Case in point, we were doing some acrylic pour painting with the guys at our Male-identified Crisis Program the other evening. The youth love it. The concept is simple and unintimidating, but still produces some beautiful and intricate works of art. The finished products often get displayed on walls in common areas or in bedrooms.
On this evening, I was painting alongside one of the young people. We had a range of different colours spread out on the table before us. As I was working away quietly, I noticed he was getting lost in the process of choosing specific colours, pouring them over his canvas, and then adding dish soap to create some nice “bubble” effects on his work.
Suddenly, he broke out of his concentration and spoke to me in a very calm and thoughtful voice. “You know,” he said, “there’s something really nice about starting a painting but not really knowing how it’s going to turn out.”

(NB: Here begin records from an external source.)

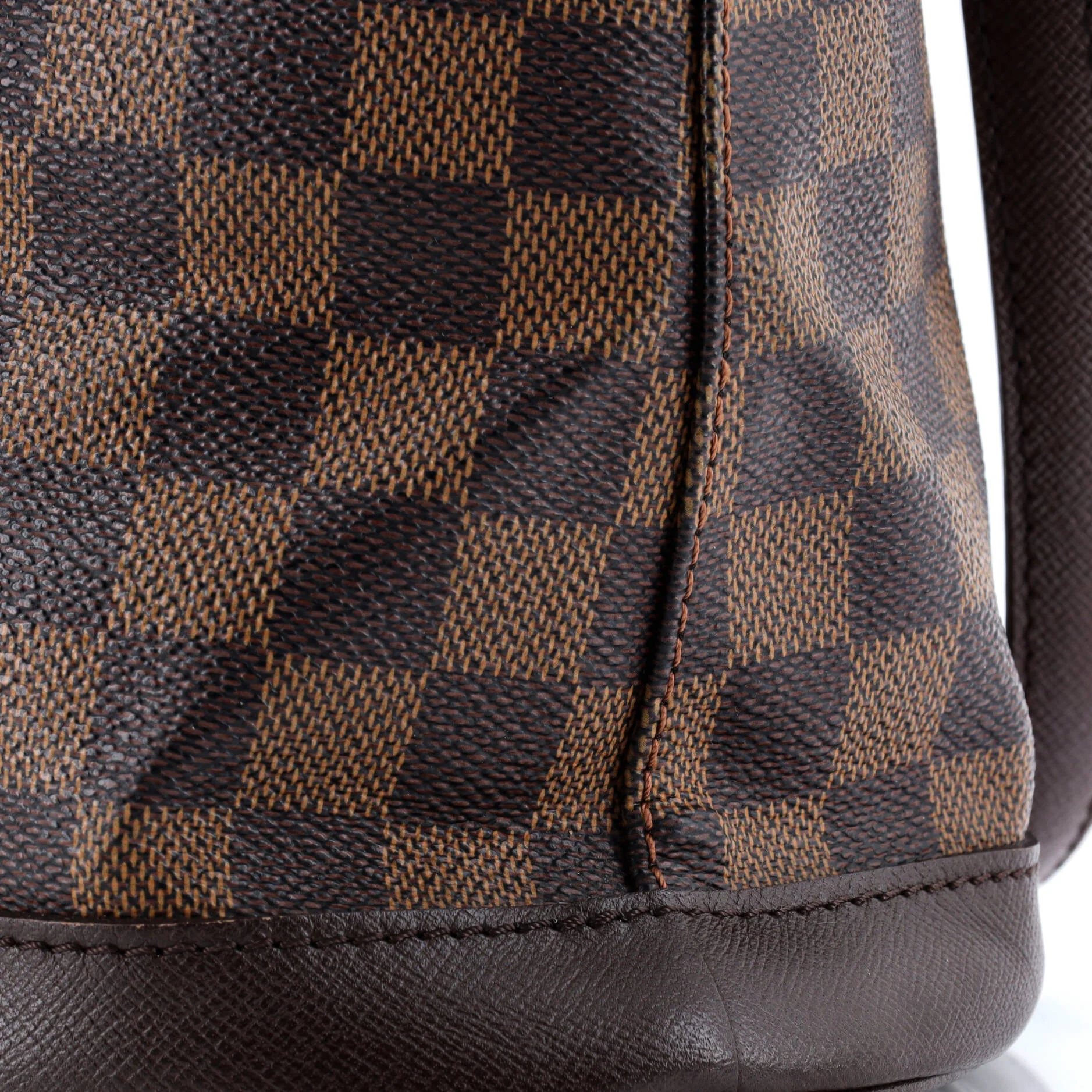 Marais Bucket Bag Damier - Image 6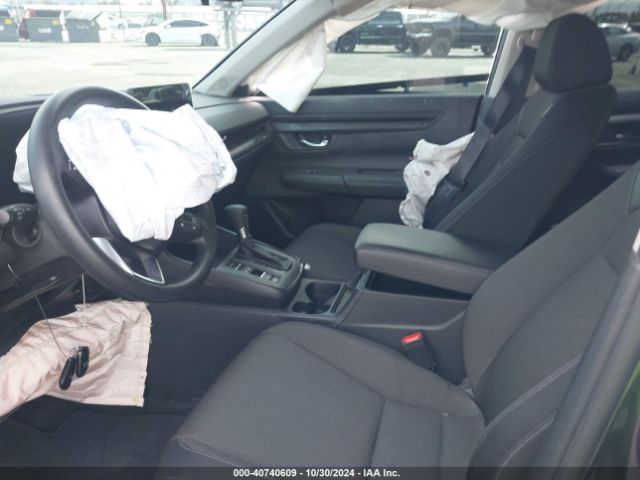 2HKRS4H42RH401288 Honda Cr-v Ex Awd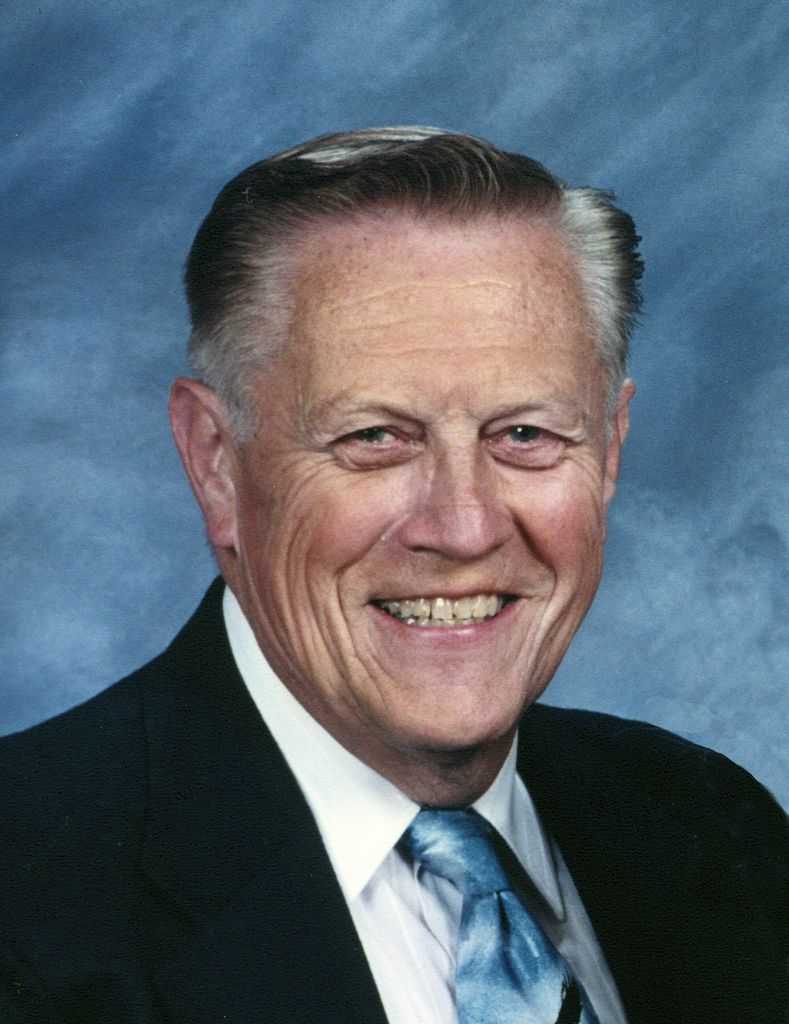 John F. Conroy Profile Photo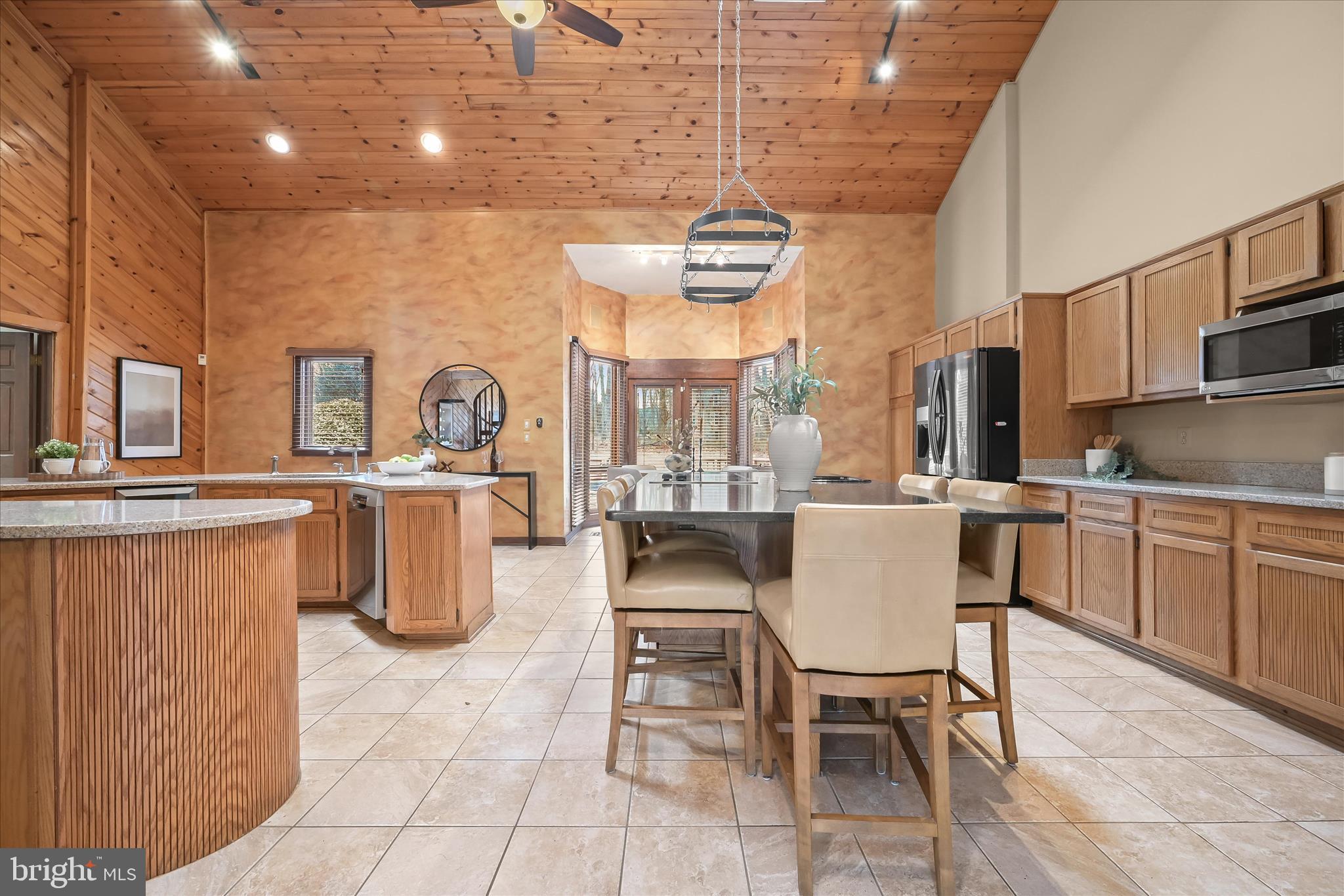 RIDGEWOOD - Residential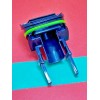 BISSELL 1632967 Lid & 2 Filters for Dirty Water Tank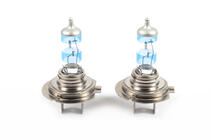 Osram H7 55W Night Breaker Unlimited 64210NBU forlygtepære foto 2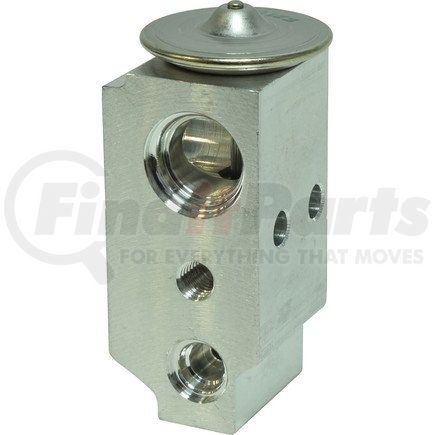 Universal Air Conditioner EX 529496C A/C Expansion Valve Universal Air Conditioner EX 529496C A/C Expansion Valve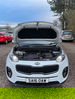 Kia Sportage 1.7 CRDi 1 Euro 6 (s/s) 5dr 5dr Manual 2016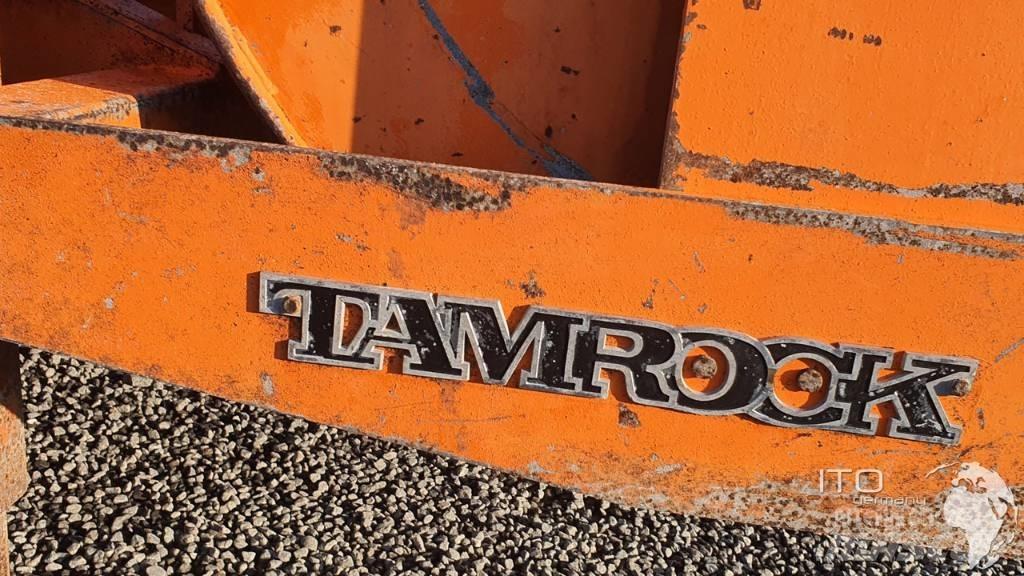 Tamrock HS105D Outro equipamentos subterrâneos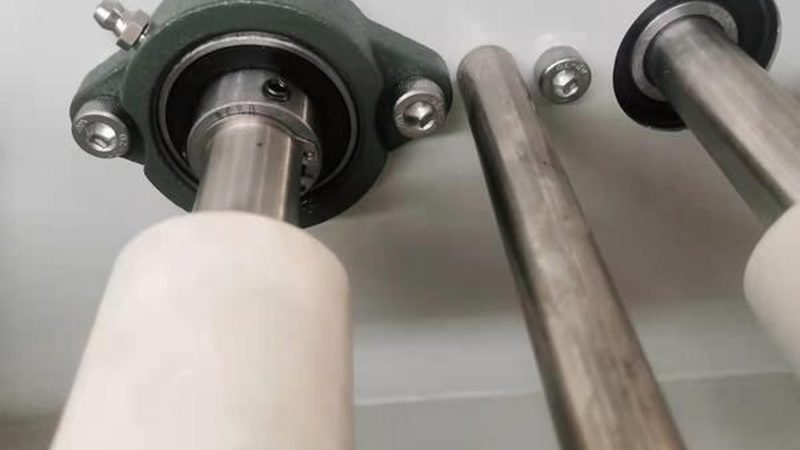 微型梅花联轴器与小型步进电机：完美搭配的传动解决方案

I smiled. Turning to him, I used his insight as an opportunity to encourage him to think about that feeling, and even, to embrace it. “Even in my life,” I said, “I know there are lots of moments where I really wished I knew the outcome of something. But we don’t always get that. So, if there’s an opportunity to find peace in not knowing, and to just find joy in the process – that’s a wonderful thing.”
Our conversation ended quietly as my fellow artist shifted his full attention back to his canvas. He tilted it up from the top and watched as the acrylic paint spread slowly down the surface. It created shapes and swirls that neither of us could have predicted.
He nodded and smiled, clearly satisfied and happy with the end result of his work.